The nest spotted on the island is the first bald eagle nest seen there in more than 50 years, according to park officials. This discovery means that bald eagles have reestablished territories now on five of the eight Channel Islands following their disappearance from the islands in the early 1960s, due primarily to DDT contaminants in the food chain.
"This news is very gratifying. I expect to see bald eagles return to all eight of the Channel Islands within a few years which will mark yet another milestone in their successful recovery," said Dr. Peter Sharpe, who has spent 18 years working on bald eagle recovery efforts through the Institute for Wildlife Studies.

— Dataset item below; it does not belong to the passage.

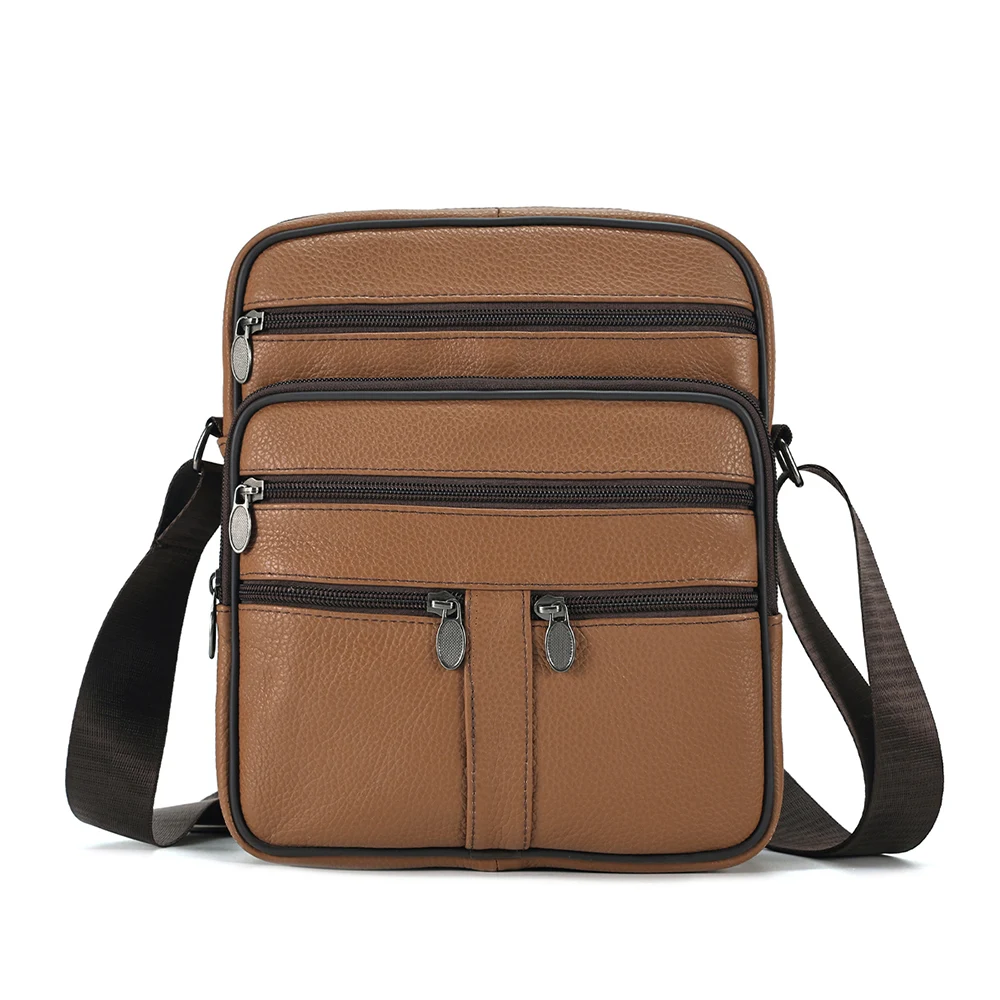 New leather men's bag cowhide crossbody bag men's hand-held shoulder bag top layer cowhide men's bag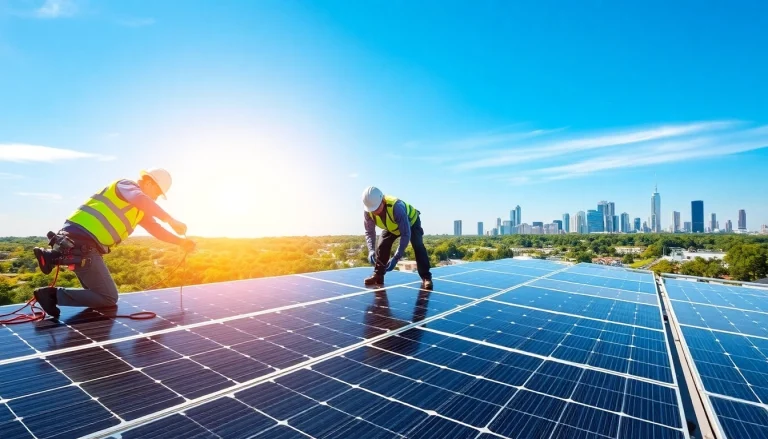 Installation of commercial solar panels Lincoln by professional technicians on a rooftop, showcasing energy efficiency.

Although it does not appear there were any chicks this year in the San Clemente nest, park officials say it is an encouraging find to know that bald eagles now occupy the majority of their historic territories on the Channel Islands.
Overall, this year's bald eagle season yielded 16 breeding pairs with 14 chicks joining the population of more than 60 resident eagles on the Channel Islands. There were nine active nests established this season within Channel Islands National Park with ten chicks. On neighboring Santa Catalina Island, there were seven active nests with four chicks fledging including a new pair nesting east of Two Harbors.
The two birds that established a nest on San Clemente Island trace their origins to Santa Cruz and Santa Catalina Islands. The female is a ten-year old eagle known as A-32 who hatched in a nest in Juneau, Alaska, in 2004. She was released on Santa Cruz Island that same year as part of a bald eagle reestablishment program funded by the Montrose Settlements Restoration Program. The male is a seven-year-old known as K-76. He hatched in an artificial incubation facility on Santa Catalina Island and then was fostered into a nest at Twin Rocks.
From 2002 to 2006, 61 bald eagle chicks were released on the northern Channel Islands as part of this reestablishment effort. In 2006, a milestone was reached when the first eagle chick hatched naturally on Santa Cruz Island in over 50 years.